Speaking of music, the game’s soundtrack is, without hyperbole, perfect. I usually end up turning music off in games; even when I like it it begins to grate through repeition. The music in Hyper Light Drifter, like everything else in the game, just fits so perfectly — is so much a part of the environment — that I wouldn’t dream of disabling it.
Environment is very important, the world of Hyper Light Drifter feels like a place with history and culture. It’s mysterious, as an alien culture should be, and exposition is understated to say the least — nothing is spelled out, the only text I’ve encountered has been in the UI — it just exists, out there, for you to explore, unravel and decipher. The game communicates what it wants you to do through silent vignettes and a symbolic language; it shows you, it doesn’t tell. It’s up to you to work out the semiotics.

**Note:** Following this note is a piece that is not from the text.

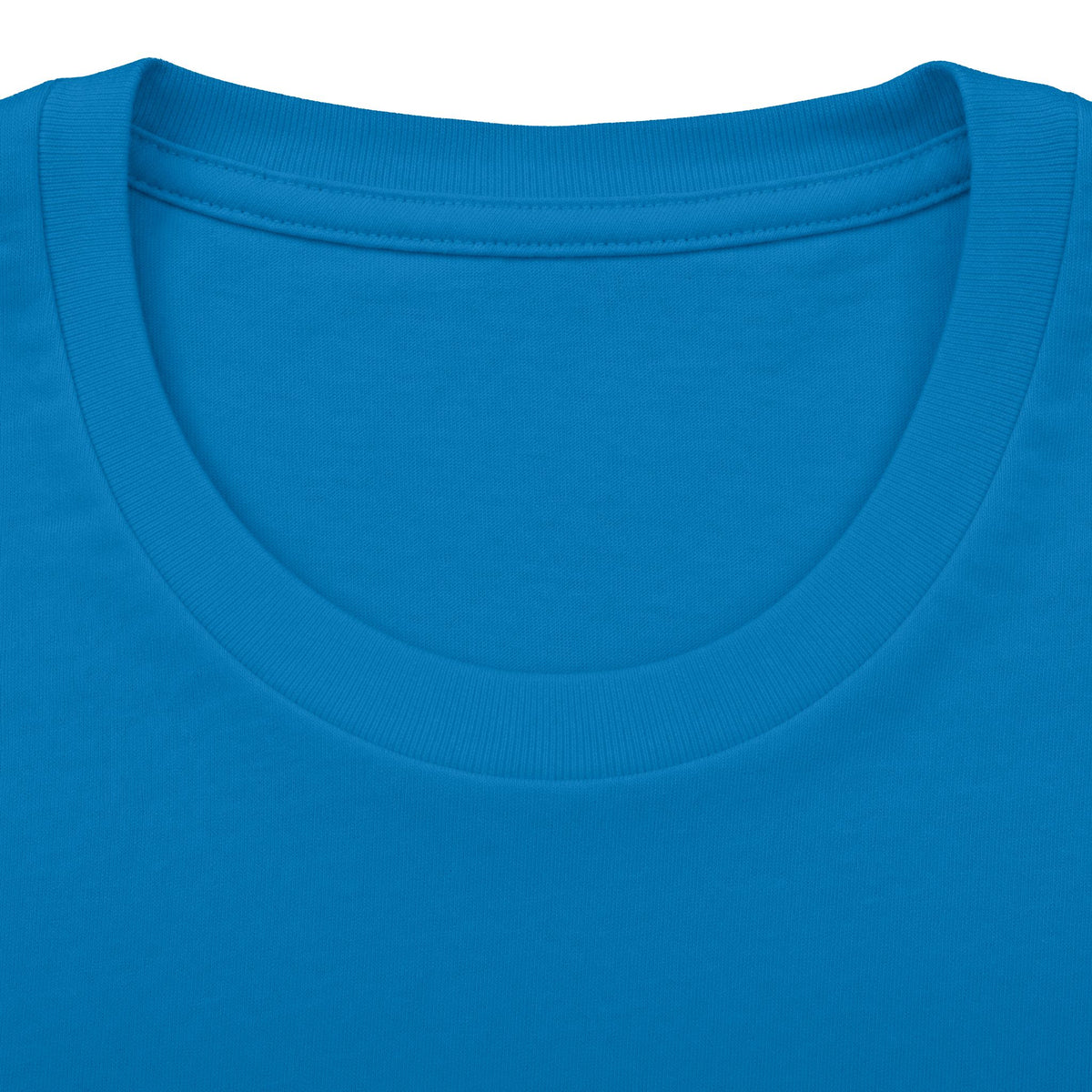 Lab Crew T-Shirt — Colorful Science Team Tee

This attention to communication flows through the game — you’re never told too much, just enough that you can work it out if you choose to, but all the information is there. Locations and enemies are readable, you get a sense of what might be a hazard, how enemies might act, where a secret might be and so on from visual and kinetic clues. But you’re expected to do the work to piece it together, you are not led around by the hand.
Hyper Light Drifter wants you to explore, to get lost, hit dead ends and work out how to get past them. As with the best of RPGs I always have a task in mind, then get distracted by something intriguing over there. And then get distracted by something else and then struggle to recall what it was I was actually trying to accomplish an hour or so ago. I’ve not finished the game yet — I want to take my time and explore every single corner of this world.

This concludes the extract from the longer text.